= Material provided =
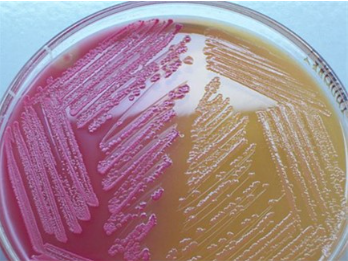 <ul><li><p><strong>Purpose</strong>: to differentiate between lactose fermenting G- bacteria and lactose non-fermenting G- bacteria</p></li><li><p><strong>Medium</strong>: crystal violet and bile salts</p></li><li><p><strong>Type of Medium</strong>: selective and differential</p></li><li><p><strong>+ results</strong> = pink colonies</p></li><li><p><strong>- results</strong> = no color change</p></li><li><p><strong>significant specific ingredients</strong>:</p></li><li><p><strong>reagents/indicators</strong>:</p><ul><li><p>Crystal violet and bile salts inhibit Gram (+) bacteria</p></li><li><p>and neutral red dye stains microbes fermenting lactose (and thereby decreasing the pH) a pink color.</p></li></ul></li><li><p><strong>specific directions</strong> (if any): streak agar in a straight line and incubate</p></li><li><p><strong>significant results</strong>:</p></li></ul>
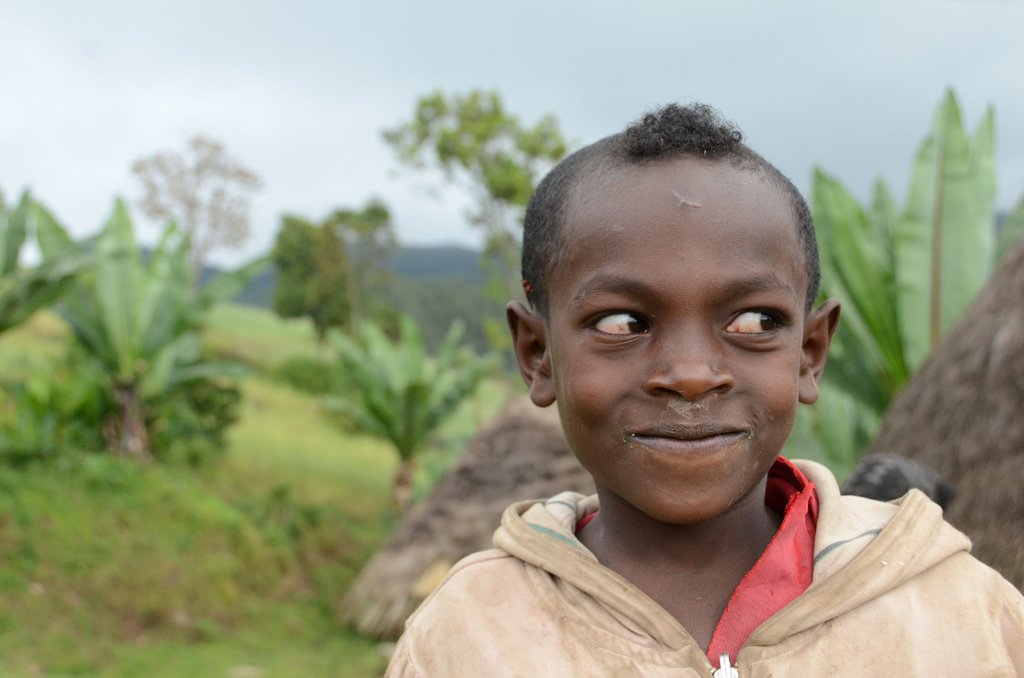 Simple Surgery to Restore Sight in Ethiopia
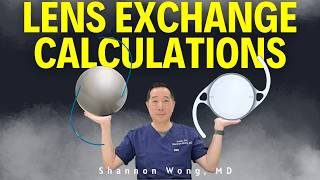 Calculating Iol Power For Iol Exchange When The Original Surgery Was Performed By Another Surgeon.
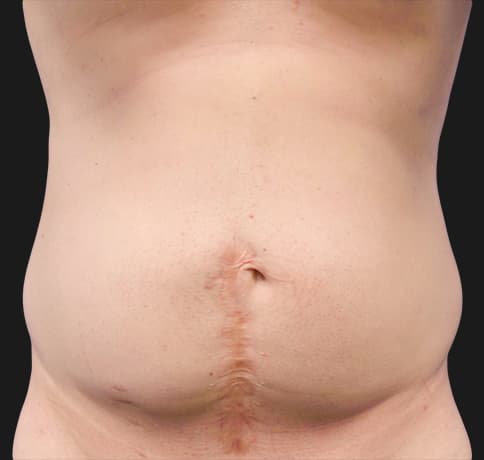Case 42596, Performed By Dr. Tehrani – Before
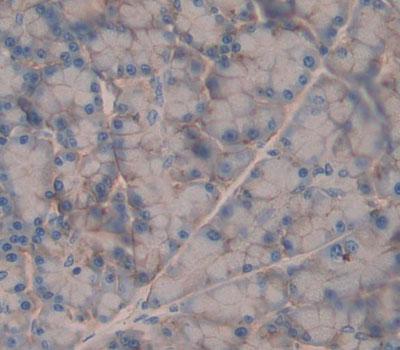 Polyclonal Antibody to Gastrin Releasing Peptide Receptor (GRPR)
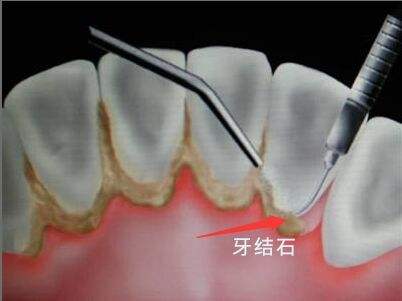 他的经历告诉你：不育的人治牙后也能有宝宝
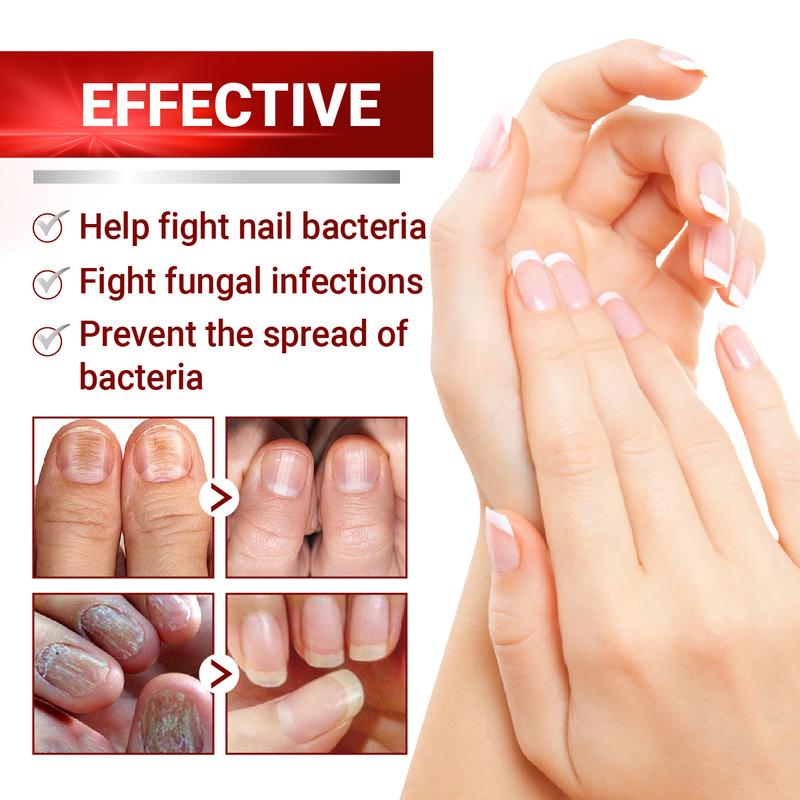 ABERA Nail Fungus Serum 20ml - Healthy Nail Care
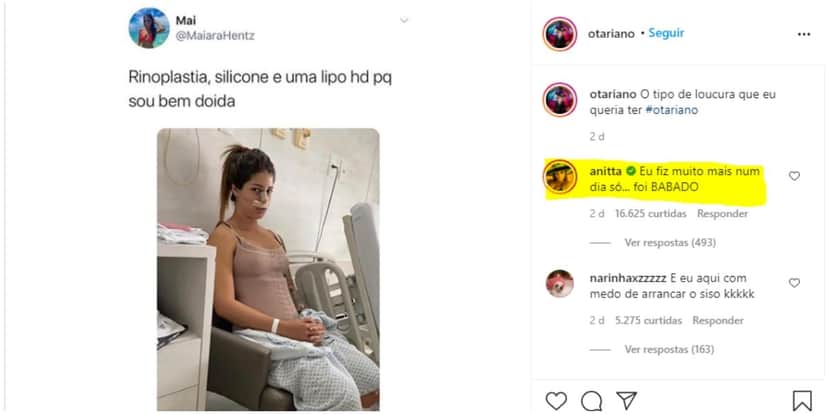 Anitta fala que fez mais de 3 plásticas em um só dia (Foto: Reprodução) Anitta fala que fez mais de 3 plásticas em um só dia (Foto: Reprodução)
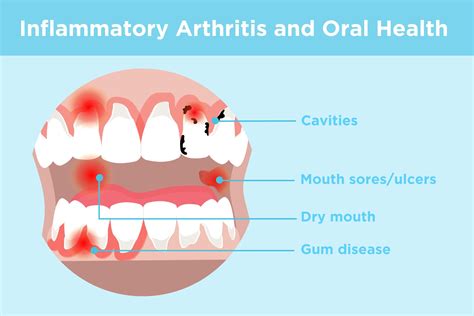 Inflammatory Arthritis And Oral Health Prevention Symptoms Treatment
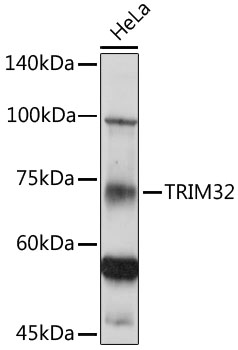 TRIM32 Rabbit polyclonal antibody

= What is required =
The expected output is an exact retyping of the lines from the line with "Calculating Iol Power" through the last line of the data, with both ends kept and the pictures dropped.

= Response to the task =
 Calculating Iol Power For Iol Exchange When The Original Surgery Was Performed By Another Surgeon.
Case 42596, Performed By Dr. Tehrani – Before
 Polyclonal Antibody to Gastrin Releasing Peptide Receptor (GRPR)
 他的经历告诉你：不育的人治牙后也能有宝宝
 ABERA Nail Fungus Serum 20ml - Healthy Nail Care
 Anitta fala que fez mais de 3 plásticas em um só dia (Foto: Reprodução) Anitta fala que fez mais de 3 plásticas em um só dia (Foto: Reprodução)
 Inflammatory Arthritis And Oral Health Prevention Symptoms Treatment
 TRIM32 Rabbit polyclonal antibody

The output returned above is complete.